Aceptar lo Inaceptable

Un camino auténtico no solo se alimenta de momentos de paz, beatitud y silencio, se fragua también a golpe de fricción. Quizás los avances más significativos se producen después de sufrir la confrontación con alguna de nuestras viejas formas de pensamiento, las cuales están tan sólidamente integradas que creemos absolutamente verdaderas e inherentes a nosotras mismas. Es los que Gurdjieff denominaba “topes” o “amortiguadores”.

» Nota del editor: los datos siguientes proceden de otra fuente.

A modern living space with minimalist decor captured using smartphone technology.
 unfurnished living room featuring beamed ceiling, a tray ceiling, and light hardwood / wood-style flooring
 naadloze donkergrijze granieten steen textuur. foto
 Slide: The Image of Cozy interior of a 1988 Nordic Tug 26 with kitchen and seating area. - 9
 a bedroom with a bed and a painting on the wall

Afrontar estas cristalizaciones psicofísicas supone afrontar nuestras contradicciones y cuestionar radicalmente la forma de ver la situación en la que estamos envueltas. Generalmente hay una demanda de inclusión de aquellos aspectos que mi yo ordinario preferiría no formaran parte del cuadro. Llega un momento en el que el Dharma pide que nos guste lo que no nos gusta y conozcamos qué hay detrás de nuestro deseo de que lo que es, no sea; de que determinada persona no se comporte de tal manera (que es a todas luces errónea) o de que la situación en la que nos vemos envueltas sea distinta.

La dificultad de atravesar estos nudos también reside en que a un nivel tenemos razón, obviamente la comunidad funcionaría mejor si no votáramos a políticos corruptos; ahora bien, rechazar la realidad, lo que es, supone enredarnos en una forma de mentira que no va a ayudar a mejorar la ecuación.

Hay un nivel, al que desde nuestro funcionamiento automático habitual no tenemos acceso pero que podemos sentir en momentos de apertura, en el que la inteligencia de la Vida está operando. Se nos pide comprender, en el sentido de entender y en el sentido de incluir. Estas personas no pueden no hacer lo que están haciendo, hay innumerables cadenas de causas y efectos que desconocemos pero que no pueden no tener lugar, hay aprendizajes que han de darse a través de ensayo-error, hay tomas de conciencia que son más importantes que los deseos de nuestros pequeños “yoes”. La invitación es a, como diría Arnaud Desjardins, aceptar lo inaceptable. Son momentos difíciles porque avivan el fuego que quema y carboniza nuestra estructura, pero este es el camino y el precio de la libertad.

Esto no quiere decir que no militemos y que dejemos de perseguir las causas que creemos justas. Sin embargo, lo que pone de relieve es la urgencia de dejar espacio a que el otro (sea este otro una persona, un comportamiento o una situación concreta) sea; sea lo que es y esté donde está. La meta es que llevemos a cabo nuestras acciones desde una perspectiva que comprende. Cuando podemos ver más allá de la superficie de las cosas y decidimos dar un paso en esta dirección, inmediatamente dejamos de alimentar el conflicto y pasamos a formar parte de la solución. Probablemente a esto se refería Einstein cuando afirmaba que no podremos solucionar un problema desde el mismo nivel de conciencia en el que se ha creado.